One of the features of framing is that it is not literally wrong (it is not like the doublespeak of Orwell’s Ministry of Peace ). In the statements above, I agree with (A). But once you concede it is all about (A), then the discussion of (B) and (C) becomes distorted, and the policy endpoint (D) becomes quite inadequate. In fact, you suspect that part of the idea is to deliberately avoid the thought that governments could use fiscal policy in a discretionary manner to stimulate the economy. (The word countercyclical appears only once in the paper.) In that sense, I’m afraid to say, the IMF inhabit the same fiscal space as the European Commission!


[1] Reaction functions relating policy to debt, for example, find no systematic tendency for taxes to respond by more than spending: some evidence is briefly reviewed here. Current austerity programs vary from spending based to tax based: see the IMF analysis reported here.

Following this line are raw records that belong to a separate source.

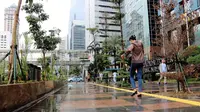 Saat ini Pemerintah Provinsi DKI Jakarta sedang mengenjot pembangunan jalur untuk pejalan kaki (pedestrian). Nantinya, pembangunan jalur pedestrian mampu memberikan pejalan kaki rasa nyaman dan aman.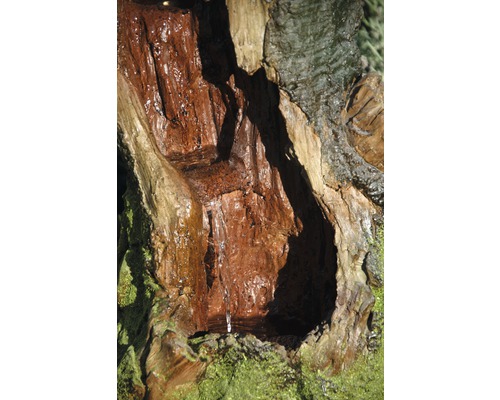 Dekorative Baumstamm-Brunnenattrappe mit fließendem Wasser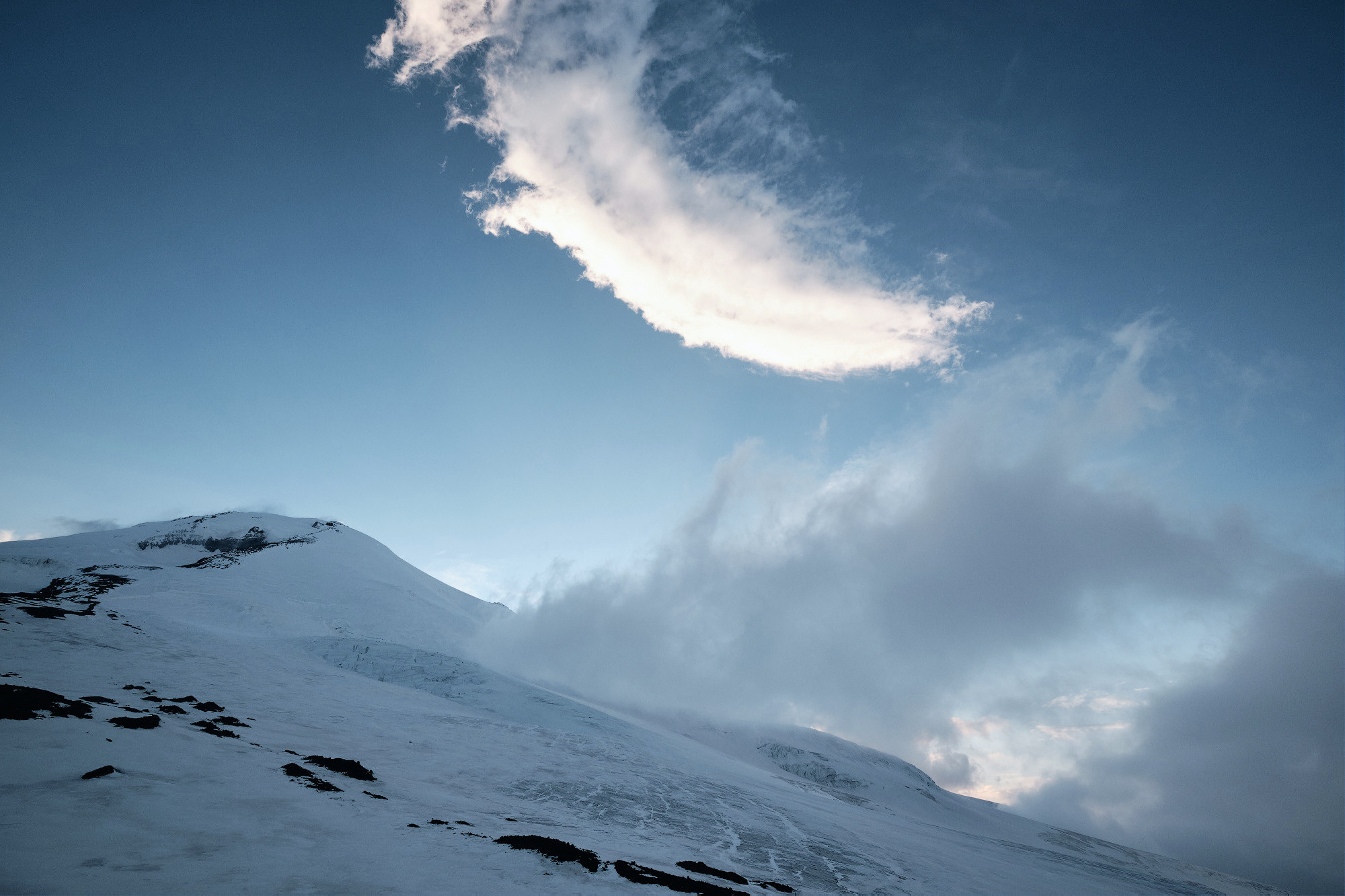 Эльбрус с востока. Июнь 2019 года. Репортажный фотограф Дмитрий Литвинский. Минск, Беларусь, мир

[2] An earlier version of this post, before I read the IMF paper, ended with a different link. Just as the phrase ‘taxpayers money’ presumed incorrectly that (income) taxes were the residual source of finance, too much macroeconomic analysis of temporary government spending changes uses income taxes as the residual source of finance. This allows opponents of fiscal stimulus too much scope: see for example John Taylor’s latest analysis of the impact of austerity, as discussed by Noah Smith here. The few theoretical cases of expansionary austerity that have been produced nearly all depend on these supply side effects of higher future income taxes outweighing the current impact of higher government spending: see also Campbell Leith here. It would be much better, as I have suggested before, if we instead focused in the first instance on what I have called ‘pure’ countercyclical policy: in this case higher government spending eventually paid for by lower government spending. This way we separate issues to do with intertemporal demand management (the business cycle) from issues to do with tax incentives. I couldn’t decide whether this link inspired or contrived.